The statue of Nelson Mandela in London’s Parliament Square should be removed because the anti-apartheid leader was not British, did nothing for the UK, and was a violent terrorist, the far-right British National Party (BNP) has said.
David Furness, a BNP spokesman, told RT the bronze statue of the late president of South Africa should be removed from Parliament Square and placed in the South African embassy.
His call comes amid a growing public debate about the removal of public symbols that could be considered racist.
Calls to remove a statue of Confederate General Robert E. Lee from a park in Charlottesville, Virginia, led to violent clashes between far-right groups and anti-fascists earlier this month.
There are now similar calls in the UK for the removal of Lord Nelson’s statue, which stands atop Nelson’s Column in Trafalgar Square, because he has been deemed a white supremacist.
“Political correctness stops people from saying, ‘Oh it should not be there,’” Furness told RT.
“He wasn’t British, whatever he did he did for the South Africans, not for the people of this country.”
As a founding member of Umkhonto we Sizwe (MK, or Spear of the Nation), the armed wing of the African National Congress (ANC), Mandela was arrested in 1962 for conspiring to overthrow the South African government. He was given a life sentence on Robben Island.
Released 27 years later following global outcry and the dismantling of apartheid, he was elected president of South Africa in 1994.
The MK is thought to have perpetrated 150 public acts of terrorism and violence that killed 63 people and injured 483 in the fight to end apartheid.

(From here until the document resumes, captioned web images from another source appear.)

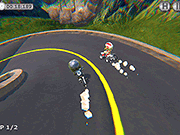 Moto Trial Racing 2: Two Player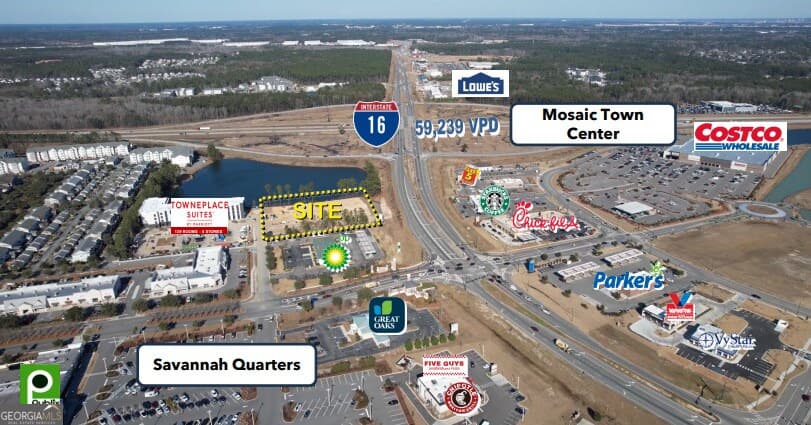 Savannah Quarters · 0 Half Moon Lane, Pooler GA 31322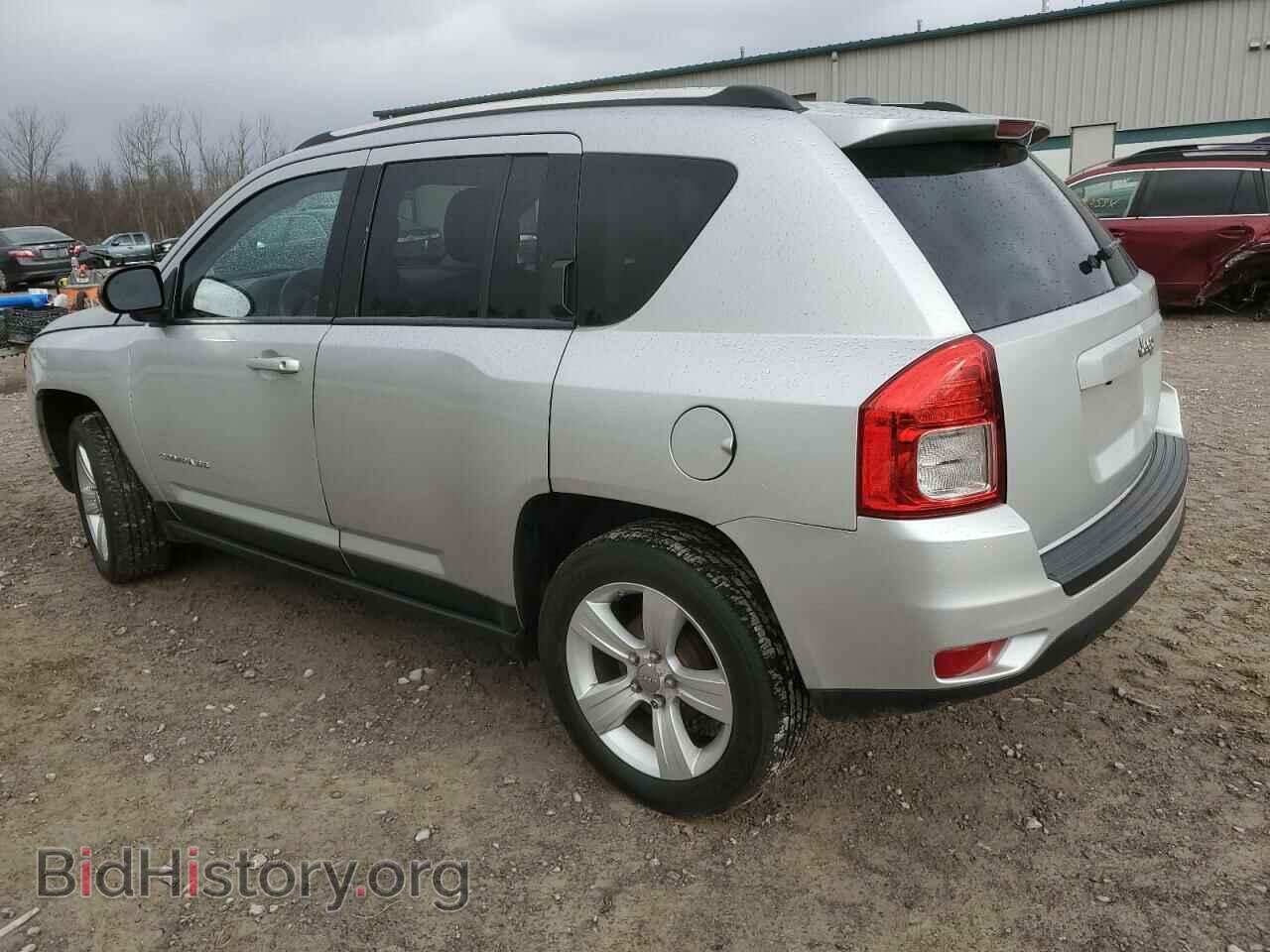 2012 JEEP COMPASS - VIN: 1C4NJCEB1CD579169 - Photo 2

Furness says Mandela should be considered a terrorist who “killed many people.”
“It’s very inappropriate to have a statue of a terrorist in Parliament Square,” he said, suggesting such a “bad example” could legitimize terrorism.
“[It would make people think] ‘I can set off some bombs, get what I want, and eventually it will all be forgiven,’” Furness added.

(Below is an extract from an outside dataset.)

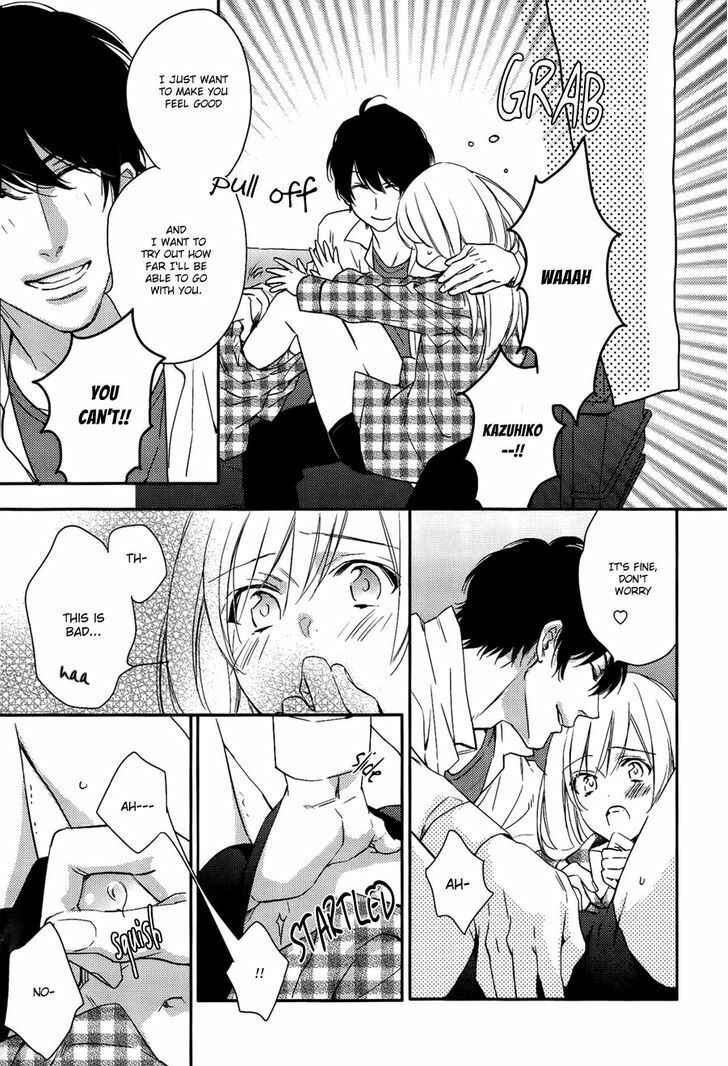 Page 30 Chapter 3 Hanayome wa Juunanasai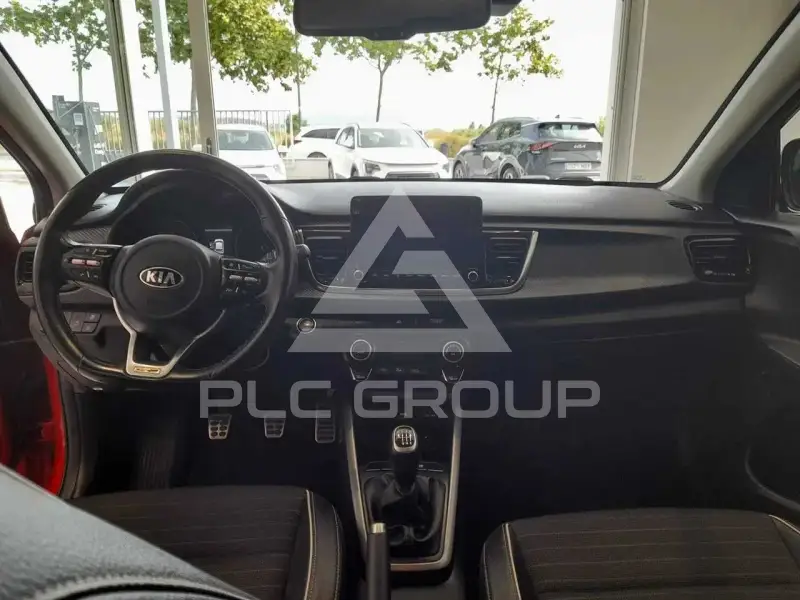 2022 KIA Rio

Mandela’s statue was erected in 2007 by then Mayor of London Ken Livingstone.
Speaking to RT, Livingstone said Mandela is one “greatest figures of the twentieth century who fought against the worst forms of racism.”
“He was completely right to fight for the freedom of enslaved black South Africans,” the former Mayor of London said.
“Anyone should be free to struggle for their own freedom.”
Ridiculing the BNP’s call to remove the statue, Livingstone said: “They don’t seem to remember that [South Africans] were once part of the British Empire and Commonwealth.”